Aire de consultation de l'enquête publique

Que prévoit le projet d'ordonnance ? Selon ce dernier, "les électeurs d'une aire territoriale déterminée, inscrits sur les listes électorales municipales, peuvent être consultés pour avis sur tout projet d'infrastructure ou d'équipement susceptible d'avoir une incidence sur l'environnement que l'Etat envisage d'autoriser ou de réaliser, y compris après une déclaration d'utilité publique".

La décision de consultation pourra être prise tant que le processus décisionnel conduisant à la réalisation du projet ne sera pas achevé, explique le ministère de l'Ecologie dans une note à l'attention des membres du CNTE.

Le périmètre de la consultation correspondra à celui de l'enquête publique prévue pour le projet. "Il est en effet cohérent avec l'objet de la consultation, qui concerne des projets susceptibles d'avoir une incidence sur l'environnement, de se référer à l'aire de l'enquête publique, elle-même déterminée en tenant compte de l'étendue géographique des effets du projet sur l'environnement", justifie le ministère de l'Ecologie, qui tente ainsi de répondre aux critiques formulées à l'encontre du périmètre retenu pour la consultation.

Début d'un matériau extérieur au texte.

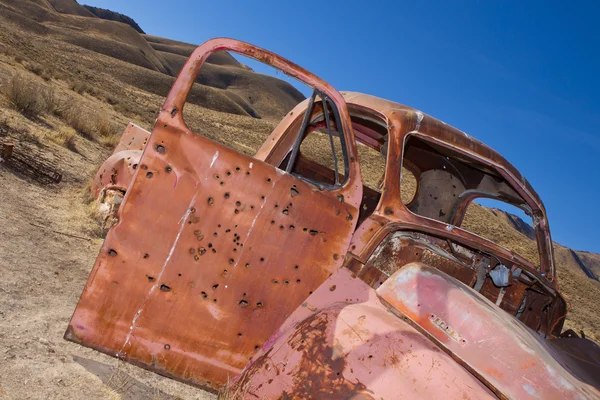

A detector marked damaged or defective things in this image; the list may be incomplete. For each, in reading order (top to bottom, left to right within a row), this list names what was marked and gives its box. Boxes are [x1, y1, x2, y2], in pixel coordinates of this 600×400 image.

Au plan formel, le texte prévoit que la décision de consultation fera l'objet d'un décret qui devra être publié au moins un mois avant la date de la consultation. Une disposition empêche d'organiser la consultation dans les quatre mois qui précèdent un autre scrutin.

L'ordonnance institue une "commission de recensement" composée de trois magistrats ainsi qu'une commission indépendante chargée d'établir les informations relatives à la consultation qui seront mises à disposition des électeurs concernés. L'organisation de la consultation sera confiée aux maires des communes incluses dans le périmètre retenu. La consultation sera ouverte à l'ensemble des électeurs de nationalité française inscrits sur les listes électorales ainsi qu'aux ressortissants d'un autre Etat membre de l'Union européenne.

"Le résultat de la consultation ne lie[ra] pas l'autorité administratives compétente quant aux suites à donner à ce projet", confirme le ministère de l'Ecologie dans sa note.

"Légitimer un projet déjà autorisé"

"C'est au prix d'une méconnaissance de la loi du 6 août 2015, du principe de participation du public et du principe de sécurité juridique que le Gouvernement s'apprête à créer une procédure de consultation locale des électeurs dont le seul objet est de tenter de légitimer un projet déjà autorisé", fulmine Arnaud Gossement.

"Au-delà de l'analyse juridique, on peut s'interroger sur l'intérêt politique d'une telle procédure, ajoute l'avocat, quel que soit son résultat celui-ci ne sera à l'évidence pas partagé dès l'instant où il aura été obtenu dans de telles conditions".

"NDDL est un symbole du blocage de la société française. Le référendum est un bon outil à ne pas combattre par un juridisme opportuniste", estime au contraire l'ancienne ministre de l'Environnement Corinne Lepage, qui demande toutefois que l'ensemble des électeurs du Grand Ouest soient consultés en cohérence avec l'objectif de l'aéroport.

Réactions2 réactions à cet article

 

"L'erreur ne devient pas  vérité parce qu'elle est approuvée par beaucoup" (M.G)
« Ce n'est pas parce qu'ils sont nombreux à avoir tort qu'ils ont forcément raison » (M.C)
Surtout quand l'organisateur du référendum s'arrange pour obtenir le résultat qu'il souhaite.
Si les prévisions de besoins sensés de transport aérien ont été correctement effectuées, il serait étonnant que ce nouvel aéroport se justifie.
Malheureusement ce ne sont pas nos irresponsables politiques qui vont financer sur leurs deniers les indemnités qu'il faudra verser à Vivendi.

Sagecol | 22 mars 2016 à 10h02
 
 

Ce qui devient évident,c'est que les anti.."on ne sait plus quoi" trouveront tous les prétextes pour justifier leur non acceptation du résultats si il ne correspond pas à leur volonté.

Et ils se permette de donner des leçon de morale et de démocratie.